Local Fine-Tune Getting Started Guide

This guide walks through setting up and running MemorySmith's local fine-tuning pipeline from scratch.

Prerequisites

MemorySmith running locally with admin access
Python 3.11+ installed
An NVIDIA GPU with 8+ GB VRAM (optional — simulated mode works without GPU)

Step 1: Set Up the Python Environment

# From the repo root
python -m venv .venv
.venv/Scripts/Activate.ps1  # Windows
# or: source .venv/bin/activate  # Linux/macOS

pip install torch transformers datasets trl peft
# Optional for faster training:
pip install unsloth

Or use the automated script:

./Scripts/Test-FinetuneHarnessPrereqs.ps1

Step 2: Enable Transcript Capture

In /admin settings (or appsettings.LocalOverrides.json):

{
  "MemorySmith": {
    "Training": {
      "ChatTranscriptEnabled": true,
      "StoreChatContent": true,
      "FeedbackEnabled": true,
      "TranscriptRedactionEnabled": true
    }
  }
}

Step 3: Generate Training Data

Use the chat normally. Every conversation turn generates: - Metadata ({date}.jsonl) — provider, model, timing, tool calls, content hash - Content ({date}.content.jsonl) — full user/assistant messages (if StoreChatContent=true)

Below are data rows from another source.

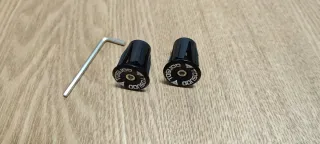 Topes manillar patinete/bici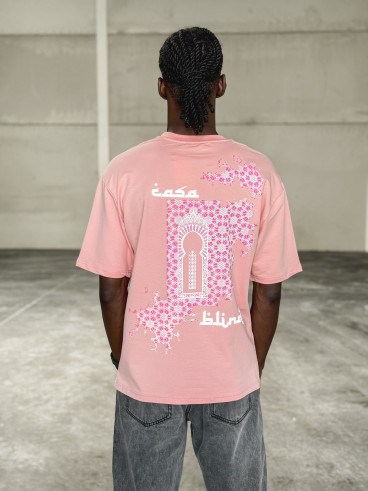 T-shirt Riad - Rose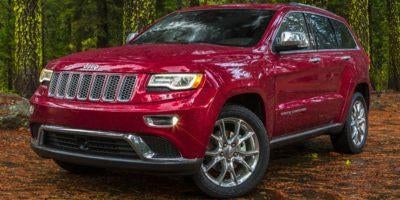 2015 Jeep Grand Cherokee 4WD 4dr Summit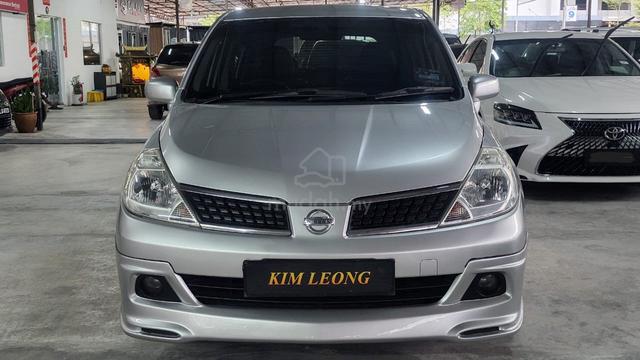 2008 Nissan LATIO 1.6 SPORT (A) HATCHBACK /LEATHER - 3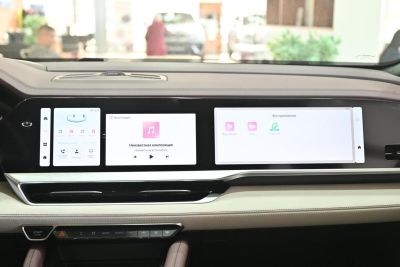 Geely Monjaro Exclusive 2.0 АКПП превью 13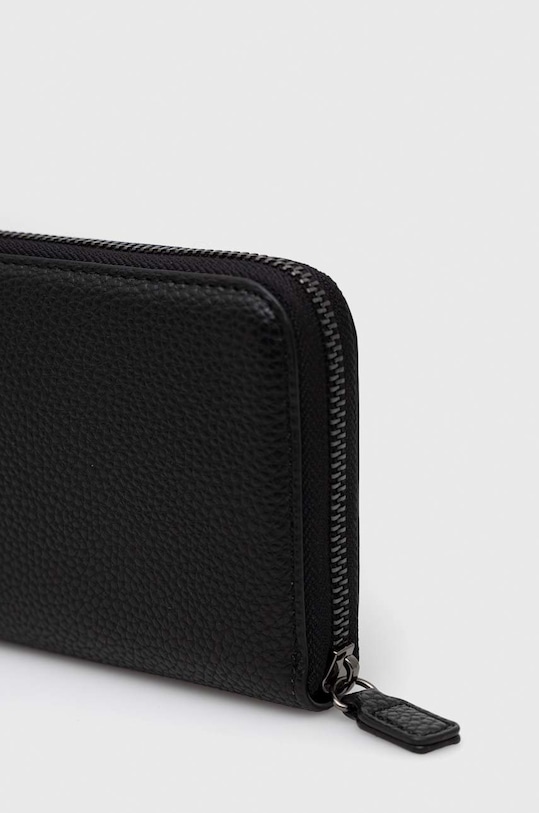 Armani Exchange portofel 948451.2F755.NOS negru AA00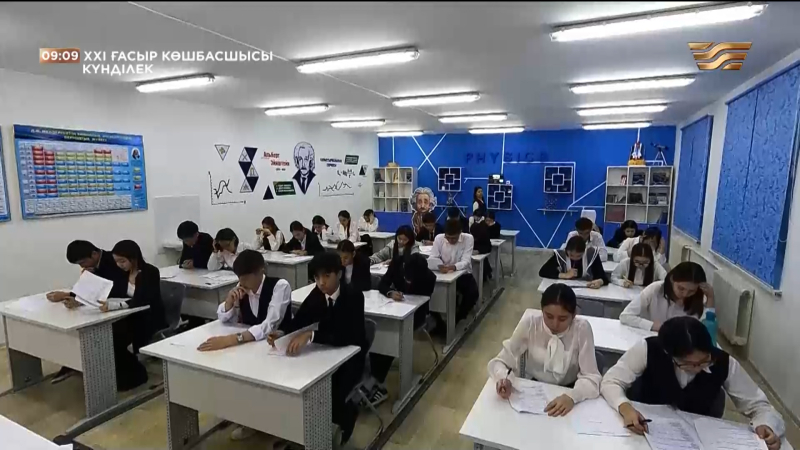 «ХХI ғасыр көшбасшысы»: БҚО үздіктері | Күнделік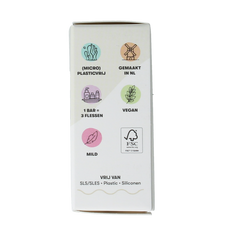 Shampoobars Conditioner bar kokos 45 Gram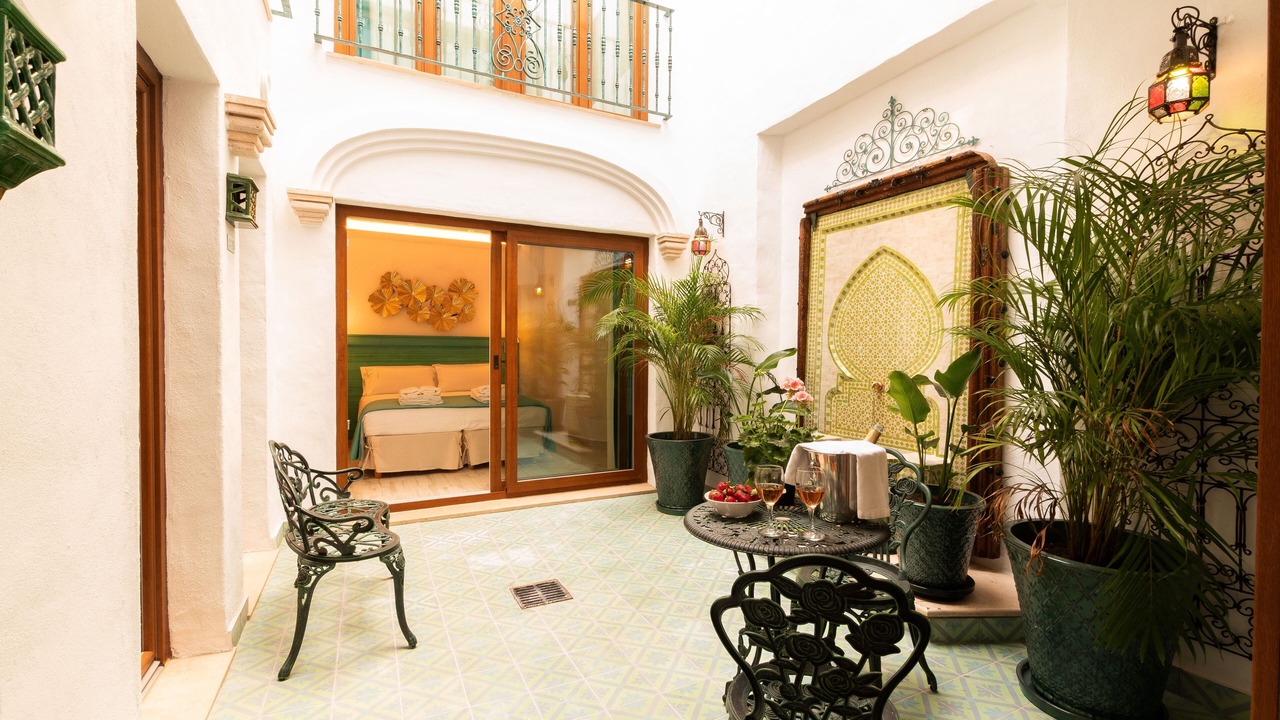 Photo of Patio Balcony in Historic Center of Estepona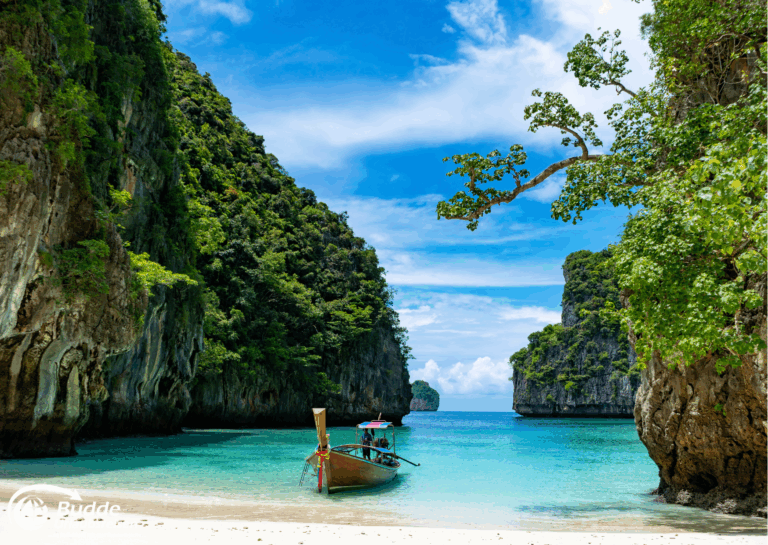 Gruppenreisen Südostasien – Traumstrand in Thailand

Rate good responses with thumbs up, bad ones with thumbs down.

Step 4: Run a Dry Run

Visit /training-workbench and click Start dry run. This validates: - Python environment and dependencies - CUDA availability - Training data format - Export pipeline

Review the output in the run history section.

Step 5: Run Real Training

Click Start training run. The harness will: 1. Export training data from transcripts 2. Load the base model (default: Qwen/Qwen3.5-4B) 3. Apply QLoRA with 4-bit quantization 4. Train for up to 200 steps with cosine LR schedule 5. Save the LoRA adapter to the work directory

Expected time: 15-25 minutes for ~375 examples on an 8GB GPU.

Step 6: Use the Fine-Tuned Model

After training, the LoRA adapter is saved in runs/{run-id}/. To use it with Ollama:

Create a Modelfile pointing to the adapter
Build the Ollama model: ollama create athena -f Modelfile
Set the model in MemorySmith admin settings

Troubleshooting

Issue	Solution
"Simulated mode" warning	Install CUDA-compatible PyTorch and ensure GPU is detected
"Missing core deps"	Install: `pip install torch transformers datasets trl peft`
Training timeout	Increase `Training:MaxRunMinutes` (default 360)
Low quality results	Add more training data, increase epochs, adjust learning rate
OOM during training	Reduce batch size or enable gradient checkpointing (default on)